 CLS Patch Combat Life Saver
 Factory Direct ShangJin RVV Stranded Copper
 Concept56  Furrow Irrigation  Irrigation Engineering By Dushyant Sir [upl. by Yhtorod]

◇ ◇ ◇

(ACTION ITEM) The line containing "Factory Direct ShangJin RVV Stranded Copper" marks where to begin; copy it and every later line exactly, through the end of the data.

(ANSWER)
 Factory Direct ShangJin RVV Stranded Copper
 Concept56  Furrow Irrigation  Irrigation Engineering By Dushyant Sir [upl. by Yhtorod]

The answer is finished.